* Activity *
Once the line holding "4步瑜伽动作,让你拥有漂亮美腿" is found in the listing below, write it out and each later line exactly, up to and including the one holding "Utsikt fra stuevindu. Galleribilde".

* Data for this exercise *
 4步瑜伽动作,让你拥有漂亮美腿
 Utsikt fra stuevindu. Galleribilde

...

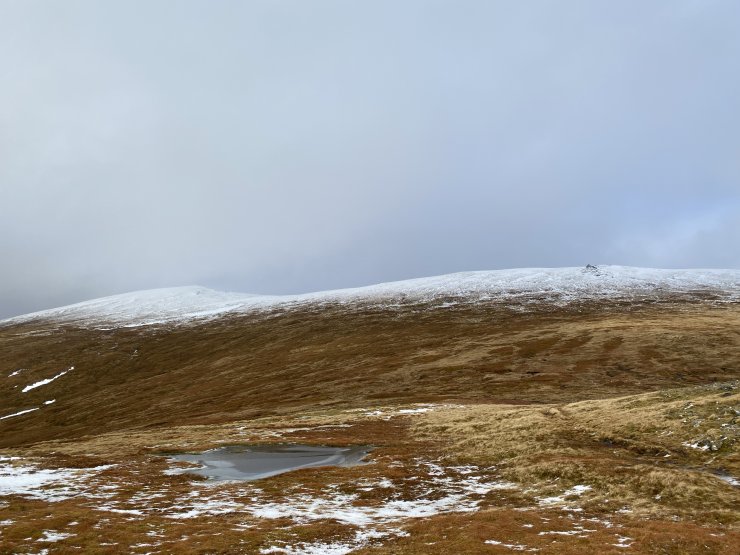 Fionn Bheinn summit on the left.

* Answer space *
 4步瑜伽动作,让你拥有漂亮美腿
 Utsikt fra stuevindu. Galleribilde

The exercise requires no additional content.